The problem
With pictures left out, output exactly the lines from the line holding "Jeweled Snowflake Ornament, Champagne" through the end of the data, both included.

Information supplied
* * *

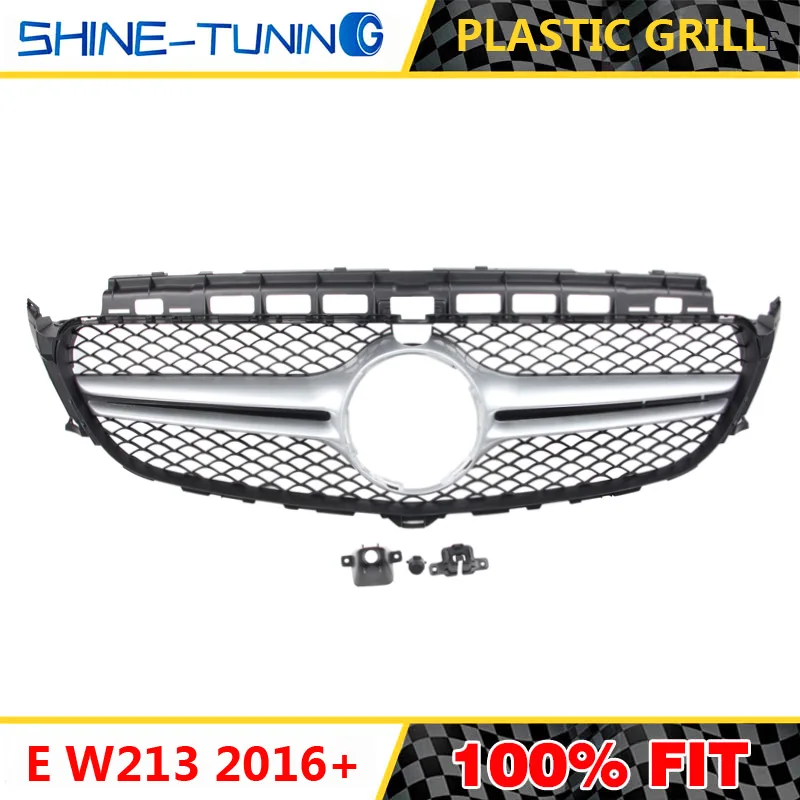 Передняя решетка подходит для E class W213 E63 amg grill E180 E200L E260 E300L-18 без эмблемы - Цвет: silver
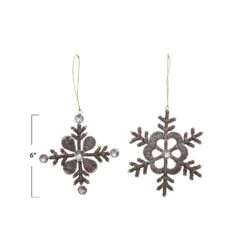 Jeweled Snowflake Ornament, Champagne Finish, 2 Style Options -Winter Gifts Market xs3455a 3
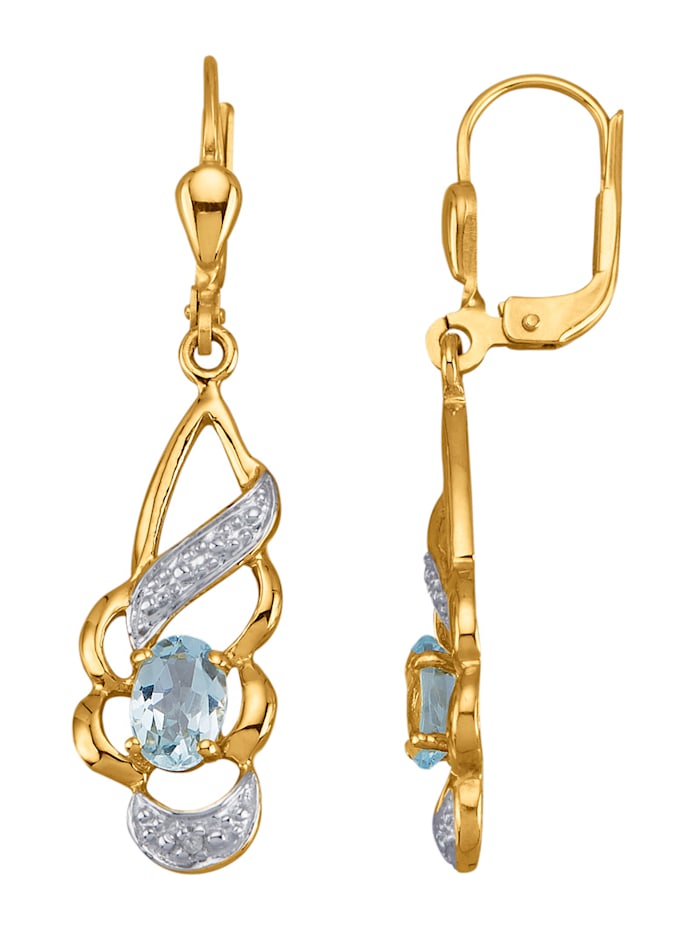Ohrringe mit Blautopasen mit Blautopasen in Silber 925, Gelbgoldfarben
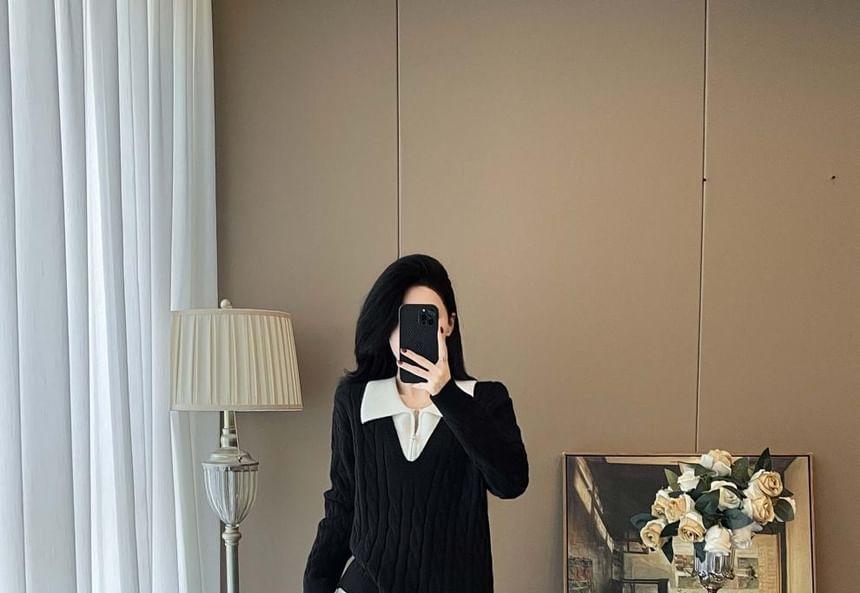 Set: Collared Mock Two-Piece Two Tone Cable Knit Half-Zip Sweater + High Waist Plain Wide Leg Pants Product Image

* * *

Response below
 Jeweled Snowflake Ornament, Champagne Finish, 2 Style Options -Winter Gifts Market xs3455a 3
Ohrringe mit Blautopasen mit Blautopasen in Silber 925, Gelbgoldfarben
 Set: Collared Mock Two-Piece Two Tone Cable Knit Half-Zip Sweater + High Waist Plain Wide Leg Pants Product Image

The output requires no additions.